O tym, że Festiwal Życia w Kokotku do nudnych, sztywnych i tradycyjnych nie należy, wiedzą już wszyscy. Tegoroczna edycja największego chrześcijańskiego festiwalu plenerowego dla młodzieży w Polsce właśnie się skończyła, ale jedno jest pewne - jej finał przejdzie do historii. No bo gdzie indziej można usłyszeć pieść "Abba Ojcze" w wersji techno?

Wyjątkowa edycja Festiwalu Życia w Kokotku 2024

Uczestnicy Festiwalu Życia w Kokotku z pewnością długo go nie zapomną. Tegoroczna edycja była wyjątkowa pod wieloma względami.

Frekwencja była rekordowa - do zielonej dzielnicy Lublińca zjechało ponad 1500 uczestników z całej Polski, Europy, a nawet świata.
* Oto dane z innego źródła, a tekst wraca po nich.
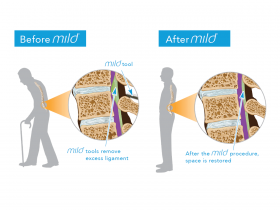 Mild Procedure Lakewood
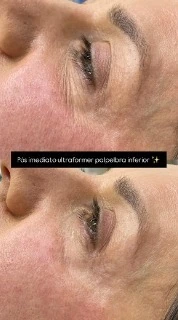 Lifting Facial sem corte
Co więcej, po raz pierwszy w historii wydarzenia - a może i nawet polskiego kościoła - biskup wykąpał się w błocie. Mowa o biskupie Piotrze Przyborku z Gdańska, który razem z młodzieżą wziął udział w ekstremalnym Biegu Festiwalowicza. Jednym z ciekawszych momentów był również pierwszy katolicki stand-up w wykonaniu księdza.

Absolutnie wyjątkowy był również finał festiwalu. W naszej galerii możecie zobaczyć zdjęcia z weekendowego zakończenia Festiwalu Życia w Kokotku.
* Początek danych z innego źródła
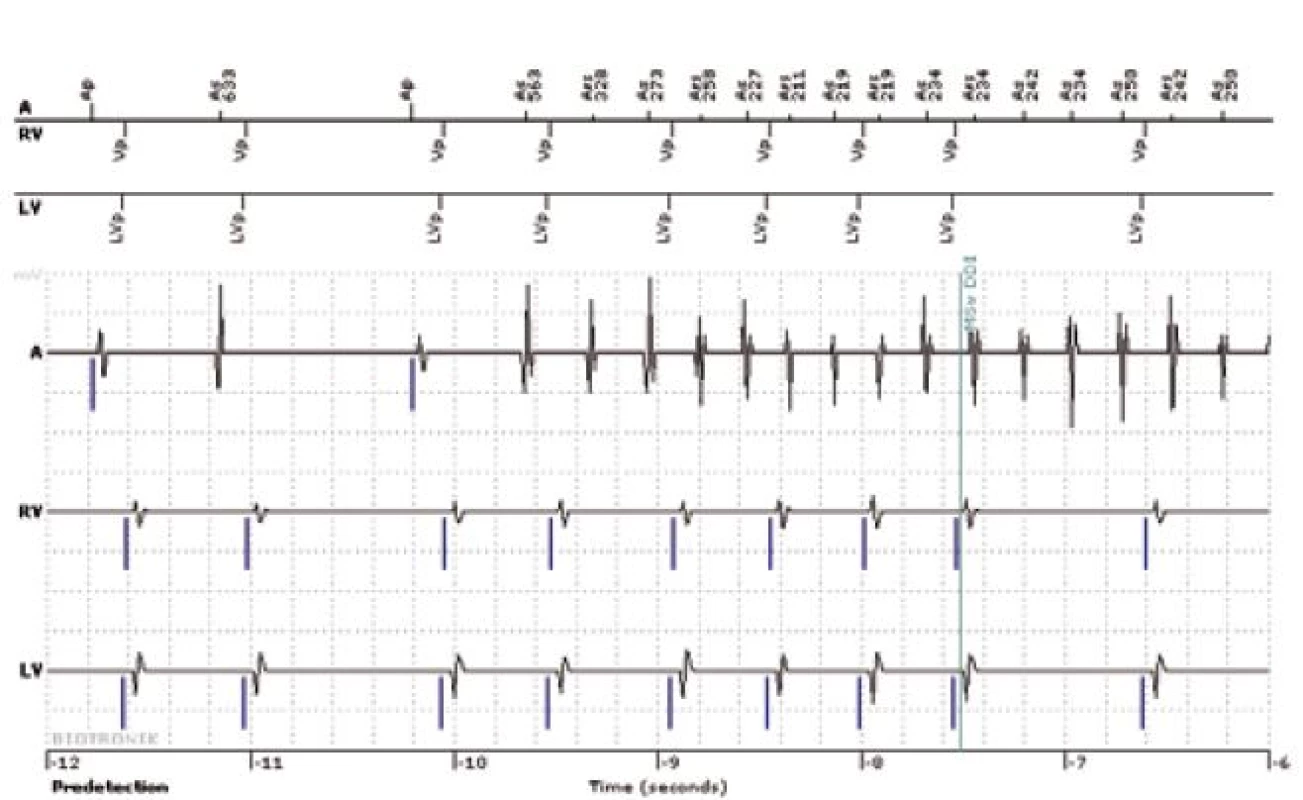 Intrakardiální elektrogram s nástupem supraventrikulární arytmie u pacienta s biventrikulárním ICD sledovaného systémem Biotronik Home Monitoring. 
Nahoře: markerový kanál (Ap = stimulace síní, As = síňové vnímání, Ars = síňové vnímání v refrakterní periodě, Vp = pravokomorová stimulace, LVp = levokomorová stimulace), dole IEGM, A = síňový kanál, RV = pravokomorový kanál, LV levokomorový kanál. Po třetím stahu se rozbíhá rychlá síňová aktivita, která je nepravidelně převáděna na komory (síňové vnímání v době refrakterity se uplatňuje v hodnocení síňové frekvence, ale nespouští komorovou stimulaci). Po ověření běžící supraventrikulární arytmie dojde k přepnutí do režimu DDI (MSw DDI), tzv. mode switch, přepnutí do režimu bez možnosti spouštění komorové stimulace síňovým vnímáním.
Weekendowe szaleństwo podczas "chrześcijańskiego Woodstocka" 

Podczas porannej, sobotniej konferencji wystąpili Edyta i Łukasz Golcowie, dzieląc się z uczestnikami swoim świadectwem wiary w Boga i relacji w małżeństwie. Mówili też o przyznawaniu się do Boga w świecie show-biznesu, co nie jest łatwe.

W tym środowisku to bardzo niepopularne, by przyznawać się do relacji z Bogiem. Mamy przyklejoną łatkę zespołu „kościółkowego”, bo gramy dużo kolęd. To nie jest modne, ale gdy „Pudelki” czy „Plotki” pytają nas o wiarę, zawsze mówimy, jak jest: że Pan Bóg jest naszą tarczą. Bardzo imponuje mi wiara mojego męża. Ja się cały czas uczę na jego przykładzie, jak można się codziennie modlić, siadać do Pisma Świętego i mówić różaniec - opowiadała Edyta Golec.

Jedną z głównych gwiazd festiwalu był Manuel Rengifo Diaz, znany pod pseudonimem Mesajah. Zapowiedź jego występu wzbudziła kontrowersje, bowiem wokalista w swoich utworach nie stronił od krytycznych uwag wobec Kościoła. Jednak tuż przed koncertem artysta w swoich mediach społecznościowych ogłosił, że jego życiu nastąpiła zmiana i bardzo czeka, by podzielić się tym z uczestnikami Festiwalu Życia w Kokotku.

Długo na ten moment czekałem, bo – mam nadzieję – wszyscy tutaj noszą Boga w swoim sercu. Gdyby nie najwyższy Pan i Uzdrowiciel, nie byłoby mnie tutaj i nie żyłbym dzisiaj. Jemu zawdzięczam życie, moje zdrowie i to, że dał mi kolejną szansę – wyznał Mesajah, gdy przerwał koncert, by podzielić się swoją historią, na co publiczność odpowiedziała głośnymi brawami.

Zwieńczeniem soboty był występ C-Bool, znanego DJ, który zaskoczył publiczność remiksem "Abby Ojcze". Młodych ludzi ogarnęło prawdziwe szaleństwo, skandowali i skakali pod sceną, a energia nie opuściła ich jeszcze długo po koncercie.